The in-premise cost illusion. At the same time, even commodity hardware may reveal some issues of its own, ones that may not seem visible at first. In an environment where the demand for Hadoop usage occurs at regular intervals, and usage is either more or less constant or usually on a rising trend, the popular decision is to keep adding new hardware as needed, and to replace any old hardware that reaches end-of-life.
But this may not be the usual pattern of Hadoop usage everywhere. There may be times when Hadoop usage needs to increase for short durations, and new hardware is added in response. But what happens when usage comes down for long periods of time or when usage is relatively infrequent? Regardless of whether the hardware used is relatively inexpensive, chances are that it still piles up, it needs physical rack space and cabling, all representing a waste of capital and maintenance. Apart from that it would need to be replaced upon obsolescence, even if only occasionally used.

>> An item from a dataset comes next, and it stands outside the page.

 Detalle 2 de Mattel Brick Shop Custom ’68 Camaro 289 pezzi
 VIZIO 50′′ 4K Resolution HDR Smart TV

Evaluating cloud solutions. This is where the cloud providers come in with the business case for their offerings. By moving Hadoop processing and storage to the cloud the problem of accumulating hardware in-house seems to go away. If only it were that easy to decide, though. One of the first and most obvious questions that arises is about whether to build a private cloud or go to a public cloud, or whether to use a hybrid approach.
The answer there lies in the pattern of usage. If demand size is predictable a private cloud makes sense. But again, this is valid for the case where utilization is fairly high and constant, otherwise the expense on unused cloud storage and processing gets wasted. In many cases demand will neither be completely predictable nor constant, in which case the public cloud may make better sense until one factors in network performance issues and the cost of data transfers between machines on the cloud, and between the cloud and on-premises platforms. If data has to move frequently between in-house storage and Hadoop in a public cloud there may be risks of network delays, latency or service disruption and hard-to-predict data transfer costs. The decision about cloud utilization and privacy has to be made depending on the business criticality versus the cost of latency (or an outage) and the cost of cloud utilization. Since it is Big Data involved, the time taken to upload data may itself be significant, and this is a factor that may not arise with “small” data.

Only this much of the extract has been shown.